Just think of these growth calculations as one more bit of analytic data that helps inform how you grow your company. And once you understand the basics of calculating startup growth, you can master the next challenge: nurturing and maintaining that growth.
Your Growth Foundation
Unsurprisingly, the goal for every business, from humble startups to giant corporations, is to continue growing the business. But it is difficult to continue growing if a company doesn't have a proper growth foundation.
The primary cornerstone of a good growth foundation is, of course, a good product. If you create an innovative product with a good value proposition, then you create the perception that this is a "must-have" product. And your most loyal customers will become brand ambassadors that encourage more people to try your product out.
Of course, whenever one company creates a great product, other companies try to copy their success. This is why it's important to stay ahead of your competition and continue introducing innovative new products.
And in terms of product marketing, you should always focus on conversions. The more you can optimise the conversion process, the more you can grow your brand.
How to Nurture the Growth of Startups
If you calculate the growth curve and realise your company is growing at a rapid pace, the next question is simple. What are you going to do to keep the momentum going?

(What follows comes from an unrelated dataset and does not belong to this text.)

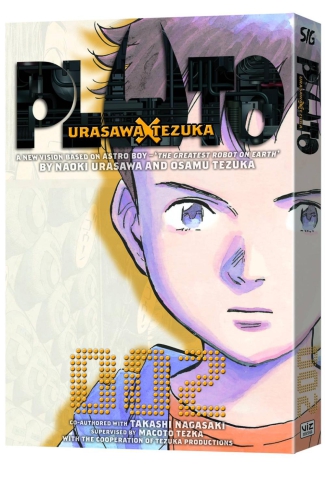 Pluto: Urasawa x Tezuka Vol. 2 cover image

The "rookie mistake" many startups make at this point is to make an external marketing hire. The assumption is simple: if you find the right marketing guru, they can turn this temporary growth spurt into a reliable expansion of your brand.
Why is this a mistake? First of all, if you bring in someone like a VP of marketing, they may be operating with incomplete data. In other words, what has driven growth in the last few months may or may not be driving growth in the next few months.
Second of all, your startup may not be able to afford the salary that a good VP commands. You're actually far better off investing the time, money, and other resources into experimenting with different products, marketing campaigns, and so on. By discovering what your primary growth drivers are, you can nurture that growth well into the future.